This item appeared in Harper’s Weekly, a pro-Union magazine, praising a painting of John Brown going to his execution that was on display at the American Museum. The painting by Louis Ransom depicts Brown pausing on the steps of the Charlestown, Virginia, jail, surrounded by armed soldiers, and leaning down to kiss the small child proffered to him by an African-American woman. The legend of Brown kissing a slave child on the way to his execution originated with an account of the execution in the New York Tribune on December 6, 1859. This account was reprinted in other newspapers and in early Brown biographies. In fact, Brown encountered only soldiers and jail personnel on the way to his execution. Fearing that the painting would draw angry crowds during the July 1863 New York City draft riots, Barnum removed Ransom’s painting from the American Museum.
In the gallery with the Aquaria at Barnum’s Museum there is a large picture, painted by Louis Ransom, of John Brown on his way to execution. He is just leaving the jail under military escort and meets the negro woman and her child. "They were of the despised race for whose sake he had suffered so much, and was now about to lay down his life. He paused for a moment, stooped, and kissed the child tenderly." It is one of the incidents that history will always fondly record and art delineate. The fierce and bitter judgment of the moment upon the old man is already tempered. Despised and forsaken in his own day, the heart of another generation may treat him as he treated the little outcast child. In the picture his head is conspicuous against the yellow ground of a flag which surrounds it like a halo. The eager officer by his side pushes the mother away, and the bedizened soldier in the fore-ground scowls at her. The fussy parade which the authorities made at his execution is admirably suggested by these figures, and however sharply the work might be criticised by the connoisseur, there is a solemnity and pathos in it which is wanting in many a finer painting.
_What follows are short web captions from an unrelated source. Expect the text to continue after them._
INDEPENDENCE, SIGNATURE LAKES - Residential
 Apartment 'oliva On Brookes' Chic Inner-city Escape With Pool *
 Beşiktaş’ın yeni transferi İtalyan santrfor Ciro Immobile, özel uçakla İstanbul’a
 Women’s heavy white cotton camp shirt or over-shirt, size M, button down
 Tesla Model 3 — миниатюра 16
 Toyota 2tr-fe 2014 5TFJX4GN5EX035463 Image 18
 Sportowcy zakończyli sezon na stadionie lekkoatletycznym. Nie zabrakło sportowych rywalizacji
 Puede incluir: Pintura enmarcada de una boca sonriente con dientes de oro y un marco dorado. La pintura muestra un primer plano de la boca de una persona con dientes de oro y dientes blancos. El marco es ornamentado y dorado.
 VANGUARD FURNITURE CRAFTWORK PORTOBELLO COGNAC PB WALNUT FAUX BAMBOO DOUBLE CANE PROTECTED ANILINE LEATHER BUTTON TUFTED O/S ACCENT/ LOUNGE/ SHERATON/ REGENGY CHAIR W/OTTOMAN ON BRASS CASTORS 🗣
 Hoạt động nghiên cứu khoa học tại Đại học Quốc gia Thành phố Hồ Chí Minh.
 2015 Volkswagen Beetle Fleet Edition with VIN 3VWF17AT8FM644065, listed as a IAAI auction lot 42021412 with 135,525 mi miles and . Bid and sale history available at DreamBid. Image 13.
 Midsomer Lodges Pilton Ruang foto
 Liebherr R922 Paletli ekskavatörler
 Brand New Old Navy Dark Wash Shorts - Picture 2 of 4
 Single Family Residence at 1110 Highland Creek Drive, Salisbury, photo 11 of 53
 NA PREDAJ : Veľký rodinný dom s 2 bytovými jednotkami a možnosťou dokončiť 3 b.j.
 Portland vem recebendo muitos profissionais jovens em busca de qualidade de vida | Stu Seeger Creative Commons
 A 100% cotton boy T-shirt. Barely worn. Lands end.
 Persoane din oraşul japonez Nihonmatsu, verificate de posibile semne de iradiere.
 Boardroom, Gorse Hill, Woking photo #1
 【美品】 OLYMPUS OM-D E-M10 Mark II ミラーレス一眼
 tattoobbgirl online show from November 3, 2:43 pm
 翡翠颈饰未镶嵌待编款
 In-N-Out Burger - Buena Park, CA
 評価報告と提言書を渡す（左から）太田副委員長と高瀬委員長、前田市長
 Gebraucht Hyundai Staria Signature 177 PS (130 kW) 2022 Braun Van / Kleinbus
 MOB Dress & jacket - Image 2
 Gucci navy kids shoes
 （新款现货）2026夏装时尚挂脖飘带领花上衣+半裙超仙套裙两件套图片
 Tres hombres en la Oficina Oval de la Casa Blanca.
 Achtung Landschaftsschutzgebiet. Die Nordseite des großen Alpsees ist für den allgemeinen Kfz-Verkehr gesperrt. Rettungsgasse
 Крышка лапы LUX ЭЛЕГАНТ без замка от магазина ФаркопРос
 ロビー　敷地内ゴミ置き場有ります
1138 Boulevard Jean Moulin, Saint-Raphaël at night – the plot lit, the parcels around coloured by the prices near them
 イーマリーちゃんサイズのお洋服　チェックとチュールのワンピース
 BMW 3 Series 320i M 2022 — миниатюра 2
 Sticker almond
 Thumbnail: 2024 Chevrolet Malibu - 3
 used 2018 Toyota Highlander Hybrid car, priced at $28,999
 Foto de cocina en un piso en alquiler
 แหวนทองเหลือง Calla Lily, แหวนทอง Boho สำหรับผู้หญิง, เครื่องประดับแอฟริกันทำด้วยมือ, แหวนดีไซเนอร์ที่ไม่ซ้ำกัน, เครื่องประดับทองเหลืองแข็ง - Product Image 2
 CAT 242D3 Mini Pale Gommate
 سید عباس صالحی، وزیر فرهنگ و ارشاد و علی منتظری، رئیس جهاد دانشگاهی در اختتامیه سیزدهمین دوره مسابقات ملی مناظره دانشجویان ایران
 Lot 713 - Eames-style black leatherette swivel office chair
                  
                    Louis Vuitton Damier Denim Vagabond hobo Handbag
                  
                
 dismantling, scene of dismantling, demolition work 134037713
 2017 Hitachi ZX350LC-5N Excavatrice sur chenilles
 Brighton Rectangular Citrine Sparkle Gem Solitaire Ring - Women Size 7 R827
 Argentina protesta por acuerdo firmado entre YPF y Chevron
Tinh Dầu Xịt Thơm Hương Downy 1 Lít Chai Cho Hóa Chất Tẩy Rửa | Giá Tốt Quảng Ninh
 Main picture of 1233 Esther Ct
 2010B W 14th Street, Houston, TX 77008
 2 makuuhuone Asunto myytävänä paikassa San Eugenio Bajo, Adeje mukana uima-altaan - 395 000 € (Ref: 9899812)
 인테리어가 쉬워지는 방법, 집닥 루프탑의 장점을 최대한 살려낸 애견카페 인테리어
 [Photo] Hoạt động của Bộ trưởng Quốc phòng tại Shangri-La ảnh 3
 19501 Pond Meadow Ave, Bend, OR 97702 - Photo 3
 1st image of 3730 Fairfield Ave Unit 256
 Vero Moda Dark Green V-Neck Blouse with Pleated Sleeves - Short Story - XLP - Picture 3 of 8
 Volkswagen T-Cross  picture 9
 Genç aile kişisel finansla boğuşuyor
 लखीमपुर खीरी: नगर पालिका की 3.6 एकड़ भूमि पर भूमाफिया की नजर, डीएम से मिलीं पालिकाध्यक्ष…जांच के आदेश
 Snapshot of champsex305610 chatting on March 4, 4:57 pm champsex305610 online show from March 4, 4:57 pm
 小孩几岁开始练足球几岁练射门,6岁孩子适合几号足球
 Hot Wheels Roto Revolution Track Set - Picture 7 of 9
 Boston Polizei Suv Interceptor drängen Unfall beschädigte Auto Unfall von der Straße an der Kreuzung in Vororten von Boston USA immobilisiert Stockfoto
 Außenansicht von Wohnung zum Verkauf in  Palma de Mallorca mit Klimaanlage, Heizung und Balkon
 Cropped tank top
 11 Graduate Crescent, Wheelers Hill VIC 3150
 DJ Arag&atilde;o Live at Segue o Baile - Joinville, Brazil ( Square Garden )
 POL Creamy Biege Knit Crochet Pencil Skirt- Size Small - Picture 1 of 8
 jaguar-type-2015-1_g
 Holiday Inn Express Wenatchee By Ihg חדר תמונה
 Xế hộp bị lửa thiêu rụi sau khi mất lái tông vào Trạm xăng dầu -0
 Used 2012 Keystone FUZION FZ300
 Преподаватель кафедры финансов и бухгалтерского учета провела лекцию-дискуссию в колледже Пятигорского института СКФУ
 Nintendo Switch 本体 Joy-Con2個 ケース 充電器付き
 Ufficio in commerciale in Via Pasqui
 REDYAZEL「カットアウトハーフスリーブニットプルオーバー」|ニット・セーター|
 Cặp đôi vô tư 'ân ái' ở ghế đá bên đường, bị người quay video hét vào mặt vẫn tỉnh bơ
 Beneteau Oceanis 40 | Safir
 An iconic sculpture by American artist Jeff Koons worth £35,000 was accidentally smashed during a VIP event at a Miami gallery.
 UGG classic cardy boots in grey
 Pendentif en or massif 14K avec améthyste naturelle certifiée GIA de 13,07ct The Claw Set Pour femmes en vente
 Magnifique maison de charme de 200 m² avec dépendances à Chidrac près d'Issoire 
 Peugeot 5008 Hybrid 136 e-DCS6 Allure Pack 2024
When the Lounger was a boy and went to museums, the chief and terrible attraction was the murder of old Mr. White in Salem, done in wax. But here for the boys of to-day is a terrible scene of another kind, to which the artist has brought an earnest and loving hand, and which—such is the constant throng at the Museum—more than many books or orations, will repeat the significant story to the popular heart. That heart will remember long that those who were fiercest in their condemnation of John Brown are faintest in their censure of the rebels.